Niettegenstaande de artikelen 53, 54 en 55 kunnen de lidstaten, ter versterking van de stabiliteit en integriteit van het financiële stelsel, toestaan dat uitwisseling van informatie plaatsvindt tussen de bevoegde autoriteiten en de autoriteiten of instanties die wettelijk belast zijn met de opsporing en het onderzoek van inbreuken op het vennootschapsrecht.

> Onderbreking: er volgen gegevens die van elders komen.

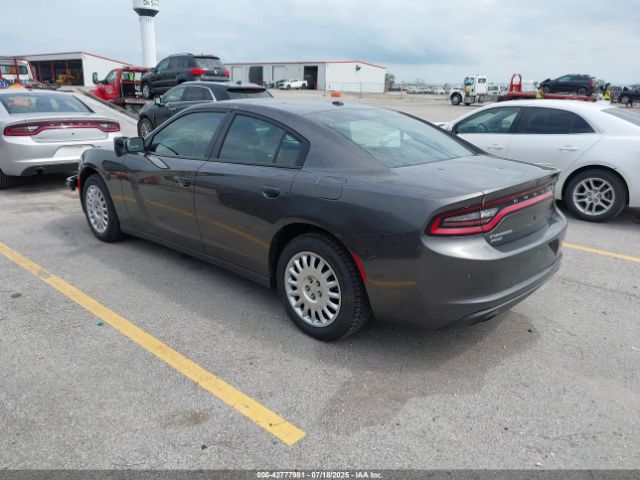 2021 DODGE CHARGER 2C3CDXKG8MH644677 Photo 2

In dergelijke gevallen schrijven de lidstaten voor dat minimaal aan de volgende voorwaarden wordt voldaan:
- a)
de informatie wordt uitgewisseld ten behoeve van het opsporen en het onderzoeken van inbreuken op het vennootschapsrecht;
- b)
de ontvangen informatie onderworpen aan vereisten inzake het beroepsgeheim die ten minste gelijkwaardig zijn aan de in artikel 53, lid 1, bedoelde vereisten;
- c)
informatie die afkomstig is van een andere lidstaat mag niet worden doorgegeven zonder de uitdrukkelijke instemming van de bevoegde autoriteiten die de informatie hebben meegedeeld, en mag in voorkomend geval alleen worden gebruikt voor de doeleinden waarmede deze autoriteiten hebben ingestemd.
4.
Indien de in lid 1 bedoelde autoriteiten of instanties bij de uitoefening van hun opsporings- of onderzoekstaken een beroep doen op personen die op grond van hun specifieke deskundigheid met een opdracht worden belast en die geen openbaar ambt bekleden, kan een lidstaat de in lid 3, eerste alinea, bedoelde mogelijkheid tot uitwisseling van informatie tot deze personen verruimen onder de in de lid 3, tweede alinea, genoemde voorwaarden.
5.
De bevoegde autoriteiten delen aan de EBA mede welke autoriteiten of instanties op grond van dit artikel informatie mogen ontvangen.
6.
Voor de toepassing van lid 4 delen de in lid 3 bedoelde autoriteiten of instanties aan de bevoegde autoriteiten die de informatie hebben medegedeeld, de identiteit en de juiste opdracht mede van de personen aan wie deze informatie zal worden doorgegeven.